Stephen Cox Blog Presented by McGunegill Engine Performance
It’s difficult to imagine a more user-friendly classic motorbike than Honda’s legendary CB 350. Once the best selling motorcycle in the world, the CB 350 is still coveted as an entry-level collector’s bike today.
My CB 350 had fewer than 7,000 miles on the odometer when I purchased it. One year and 3,000 miles later, I sold it and moved on to another bike. I rode it several times per week, mostly on country roads and rural highways. I really wanted to experience a 1960s-70s era bike and the Honda offered it in spades.
The CB 350 was light and nimble. Although small compared to today’s monstrous, overpowered motorcycle engines, the 350 was considered a mid-sized bike for its time. It remains a great motorcycle for beginners. Its 36 horsepower rating is sufficient for comfortable cruising in the 50-60 mph range without intimidating a new rider.
I found a “New Old Stock” original Honda luggage rack and mounted it on my CB 350 so I could carry my gym bag or a backpack with greater ease and comfort. The rack was wide, carried everything I needed and the weight didn’t upset the balance of the bike.
Honda’s dual-carburetor 350cc twin engine seems pretty indestructible. Although my bike had fairly low mileage, I’ve spoken with many other CB owners whose bikes have gone well beyond 30,000 and sometimes even 40,000 miles. And the 350 powerplant created a truly magnificent sound when mated to Emgo’s Dunstall replica silencers. The tone was low, gentle and rumbling without the desperate “look at me” volume of some bikes.
The engine redlines at 9200 revs, but I never accelerated beyond 8000. There was no need. The little Honda pulled hard between 5000 and 7000 rpm’s and was reasonably tame at 65 miles an hour. If you need more than that, I recommend a bigger bike. The CB 350 really hits its stride between 40 and 55 miles per hour. The engine wasn’t comfortable at less than 2000 revs, but at 3500 to 4500 it felt perfect.

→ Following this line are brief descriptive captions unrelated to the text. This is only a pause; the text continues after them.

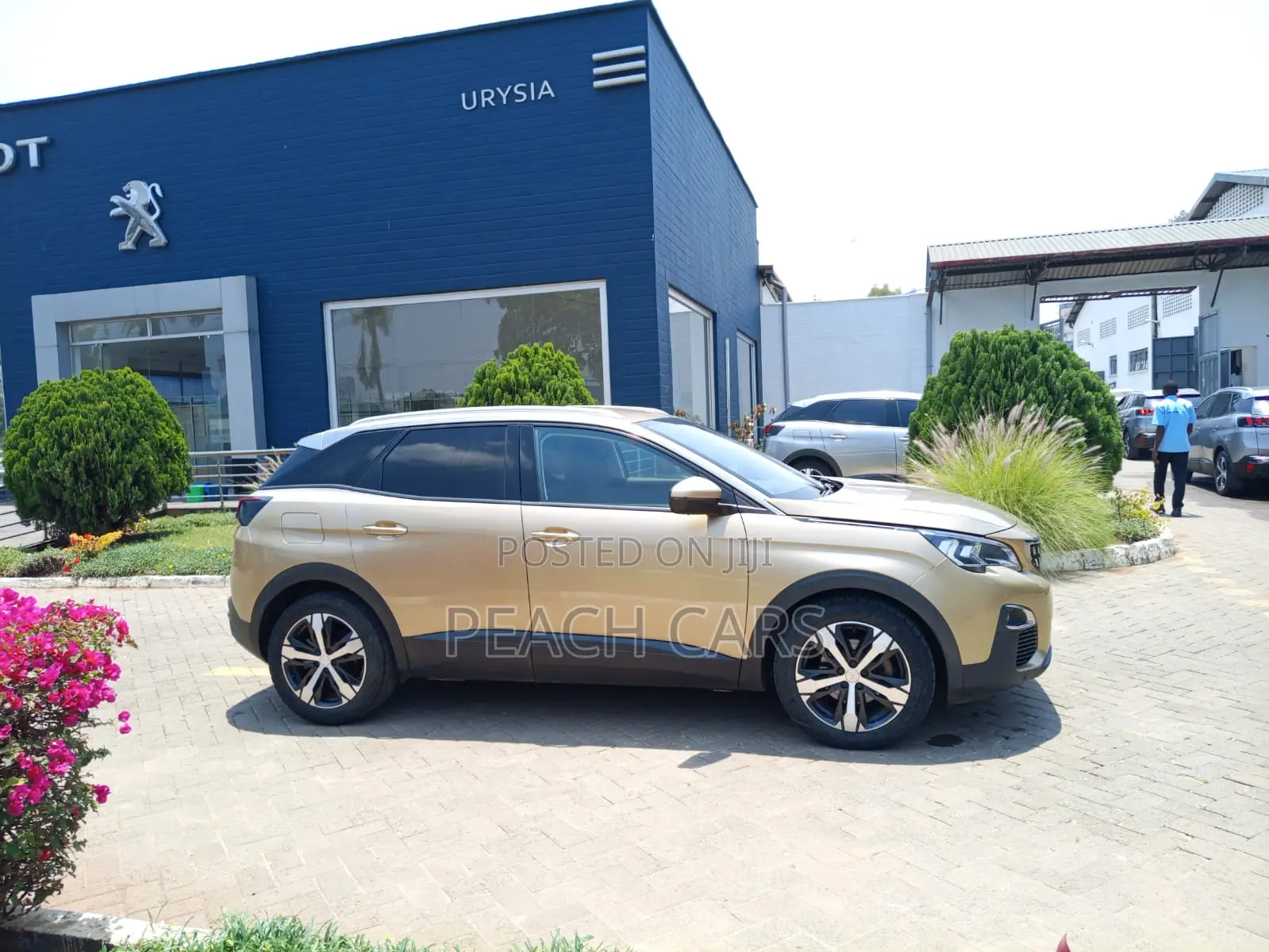 Peugeot 3008 2018 Gold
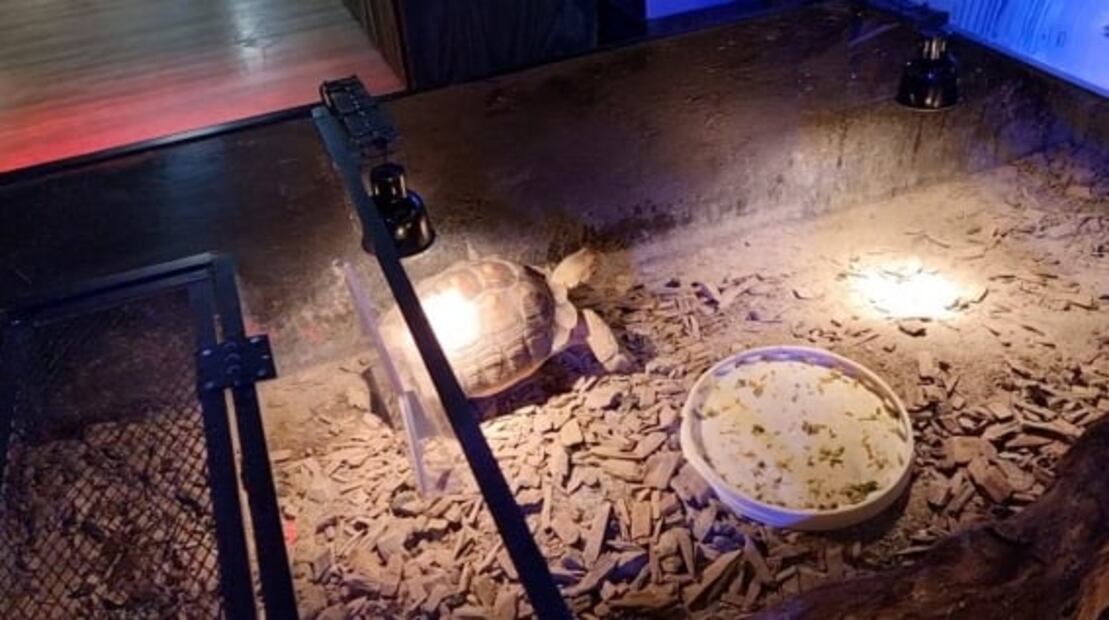 ¿Crueldad hacia especies en Acuario Inbursa?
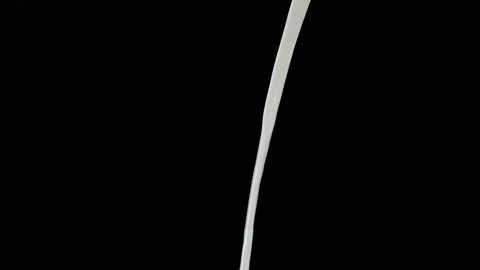 Milk pouring stream isolated on black studio background Video stock 328802900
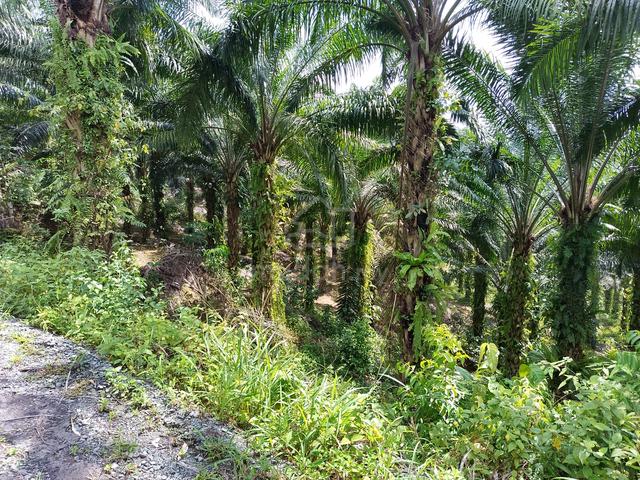 For Sale Kiansom 75 Acres Land | Oil Palm | Birdnest 5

Maintenance on the Honda was fairly straightforward. It used oil, but only in microscopic amounts. Not bad for a 45-year-old bike. It ran without complaint on 87 octane fuel so long as I faithfully used STA-BIL 360 Fuel Stabilizer in every tank. Failure to do so would have been disastrous because today’s ethanol-laced fuels induct moisture and attack every gasket and seal in the fuel system. With STA-BIL in the tank, the engine never missed a beat and suffered no damage from ethanol whatsoever.
My Honda CB 350 averaged 37 miles per gallon of fuel. That number remained largely unchanged regardless of what brand of fuel I used or whether I was riding primarily on the highway or city streets.
Fuel mileage was, however, sensitive to spark plug condition. The plugs fouled regularly and if ignored, would foul to the point of stalling the engine. Cleaning or replacing the spark plugs about every 600 miles seemed to do the trick. The only other way to seriously alter fuel mileage was through consistent hard acceleration, in which case fuel mileage would drop to about 30 mpg. The maintenance routine wasn’t bad at all and reminded me why these bikes were considered so reliable back in the 1970s.
Time machines aren’t cheap, but the Honda CB 350 is. For less than $4,000 you can still go back in time and experience the 1970s in all their glory. The slightly too-soft ride, mildly stiff throttle and minor vibration aren’t annoying or severe, but they’re just enough to constantly remind you that 1971 wasn’t such a bad place to be.